Tempers flared at the third and final state Senate hearing focused on the governor's liquor privatization proposal and related plans to change the way alcohol is bought and sold in Pennsylvania.
By the end, the committee's chairman was barely closer to nailing down the details of a proposal, saying a final plan should allow Pennsylvanians to buy alcohol in "more places," while phasing out the state wine and spirits stores, and without necessarily getting rid of the state-owned wholesale system.
The dramatic high point of the hearing came when the ranking Democrat on the Senate Law and Justice Committee, Jim Ferlo (D-Allegheny), railed against state health and education officials as well as the state police commissioner for appearing at the hearing to support the governor's plan to sell off the state wine and spirits stores.
"We have a great system, we have a modernization bill, and I'd be embarrassed to come here and tout the rhetoric..." Ferlo said, the end of his sentence drowned out of cut off by cheers from the hearing room gallery, where the rows were filled with the yellow-shirted people representing United Federation of Commercial Workers Local 1776, the union of the state store clerks.
"What should be embarrassing to you is the way you just impugned the character of three very excellent public servants," responded Lt. Gov. Jim Cawley, testifying on behalf of the administration.
"I'm impugning their testimony," Ferlo said.
"No — you attacked them as individuals," Cawley said. "You attacked their motivations, sir, and I think they should be given a right to respond if they so choose perhaps though they wouldn't even dignify a response like that."
They didn't. Cawley looked to his left and right, inviting a response. "No need," said State Health Secretary Michael Wolf. Cawley later insinuated that Ferlo was just playing to the crowd in the room. He was booed.
To the panel's chairman, Sen. Chuck McIlhinney (R-Bucks), spirited debate comes with the wine and spirits territory.
"That was the point of why I had these hearings," McIlhinney said. "I wasn't going to put an artificial limit on what could be said ... What everybody wants to say was able to be said."
This trio of hearings has showcased much of the same fault lines and flash points that have marked the debate over the state's liquor system and what might be done to improve it and the patchwork system for selling beer. Tuesday's hearing featured unsurprising testimony from those urging some change to the system to maximize its revenue (e.g., the Liquor Control Board) and urging some change to maximize their revenue (e.g., beer distributors).
Private wholesale companies suggested the state wouldn't be able to handle more retail outlets with its current wholesale distribution capacity. A University of Michigan professor in labor relations testified that the liquor privatization bill that passed in the state House in March would inflate alcohol prices and boost alcohol consumption while depressing state revenue from the sale of alcohol.

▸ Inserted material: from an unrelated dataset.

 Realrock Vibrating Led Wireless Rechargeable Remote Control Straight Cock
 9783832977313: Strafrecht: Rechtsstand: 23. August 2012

McIlhinney has given himself another two weeks to write his own proposal for what he's called alcohol reform. Its contents aren't clear to him yet, but one thing is relatively certain: It will be simpler than the House bill, which was criticized for being clear as mud, with wine and spirits sales opened up to some retailers but included other provisions prompting people to wonder if it would create a more confusing consumer experience.
What McIlhinney's crafting, he said, is a proposal that allows Pennsylvanians to buy alcohol in "more places than they can now — trying to open up the wine and spirits and beer and the package sizes of the beer into newer, more convenient outlets, but utilizing the existing system, without adding new licenses."
McIlhinney said he'd like to see wine and spirits sales opened up to existing licensed retailers, enhancing licenses that currently allow private retailers to sell some kind of alcohol. He wants to see beer distributors able to smaller quantities of beer, like six-packs.
He said he's not sure the state's wholesale system should be privatized, as would happen under the House-approved liquor proposal. He said opening up the sale of all manner of alcohol might increase the value of the wholesale system, so he'd be more inclined to revisit the issue of selling it off in later years.